American post-hardcore band

Hail the Sun is an American post-hardcore band from Chico, California. Formed in 2009, the band currently consists of lead vocalist and drummer Donovan Melero, guitarist Shane Gann, guitarist Aric Garcia, bass guitarist John Stirrat, and touring and studio drummer Allen Casillas. They are known for their eclectic progressive rock and math rock style, along with traditional elements of screamo and post-hardcore. They released their debut studio album, POW! Right In the Kisser! (2010), and EP, Elephantitis (2012), independently before signing to Blue Swan Records the following year. The group released their sophomore studio album, Wake, in 2014. In 2016, the band departed the label, signing to Equal Vision Records and releasing their third studio album, Culture Scars, on June 17, 2016, which charted at number 38 on the Billboard Top Rock Albums chart.

In 2017, the band released their second EP, Secret Wars, which was met with critical acclaim and was noted for the group's heavier and technical post-hardcore sound. They released their fourth studio album, Mental Knife, on September 28, 2018.
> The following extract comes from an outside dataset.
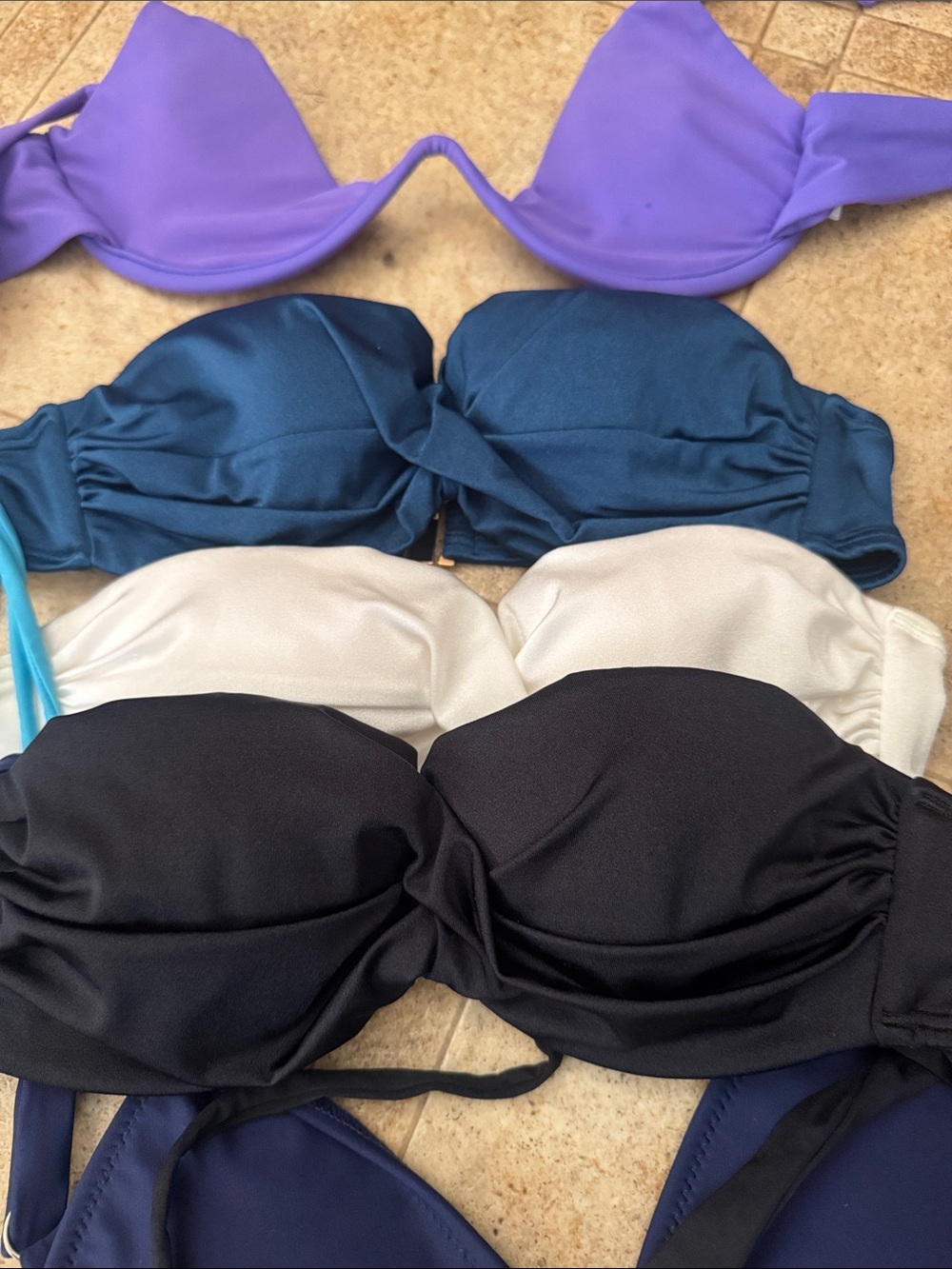 Bikini Bundle - Picture 5 of 9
Hail the Sun has toured with Dance Gavin Dance, I the Mighty, Circa Survive, and Silverstein, among others. They have also performed at numerous music festivals such as Chain Fest at the Chain Reaction, South By So What?!, Horns Up Festival, and Swanfest.

==History==
===2009–13: Formation, POW! Right In the Kisser, and Elephantitis===
Originating in Chico, California, members Donovan Melero, Shane Gann, Aric Garcia, and John Stirrat formed Hail the Sun in 2009 whilst in college. They wrote and recorded their debut full-length studio album, POW! Right In the Kisser!, over the course of three months, and released it on May 21, 2010.

The band released the EP album Elephantitis on July 3, 2012. The creative process was heavily influenced by other post-hardcore musical groups such as the Fall of Troy and Hot Cross, and was dubbed "a sort of paradigm shift in the way post-hardcore can be played, combining a progressive hammer-on-pull-off heavy style of guitar playing and more free range drumming with a huge decrease in riffage, conventional time signatures and simplistic song structures resulted in a spastic, technically savvy sound which fit right in with the high energy mood and feel post-hardcore was known for."
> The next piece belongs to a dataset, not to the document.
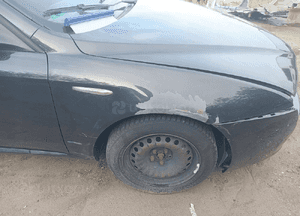 Alfa romeo 159 błotnik prawy przód nero carbonio 876 1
===2014–17: Wake, Culture Scars, and Secret Wars EP===
After three years of extensive touring, Hail the Sun met Sacramento, California-based post-hardcore band Dance Gavin Dance, eventually signing to Will Swan's independent record label Blue Swan Records. Hail the Sun released their critically acclaimed sophomore studio album, Wake, on September 23, 2014, through the label. Throughout 2014 and 2015, Hail the Sun toured extensively on respective tours from I the Mighty, Too Close to Touch, Dance Gavin Dance, A Lot Like Birds, the Ongoing Concept, Stolas, Polyphia, Our Last Night, Palisades, among several others. On December 3, 2015, it was revealed that the group had parted ways with Blue Swan Records and signed with Equal Vision Records, releasing a new demo version of the song "Paranoia". On March 25, 2016, the band released the official version of the single "Paranoia". On April 27, it was announced that Hail the Sun would release their third studio album, Culture Scars, on June 17, 2016. The band later toured on the 2016 Vans Warped Tour.

Speaking about the band's third album, Culture Scars, guitarist Shane Gann said, "Culture Scars is a term we came up with to refer to those scars, both physical and emotional, that come about due to certain things that society deems as normal and acceptable. We don’t normally put much thought into the amount of pain that may be caused by dirty politics, found within a family with a 'problem child', or existing behind the scenes of an adult entertainment shoot. These themes are so commonplace in the world, and yet there is often so much trauma and hurt that is brought about by all these scenarios. We wanted to shed some light on the darker side of what we think of as normalcy."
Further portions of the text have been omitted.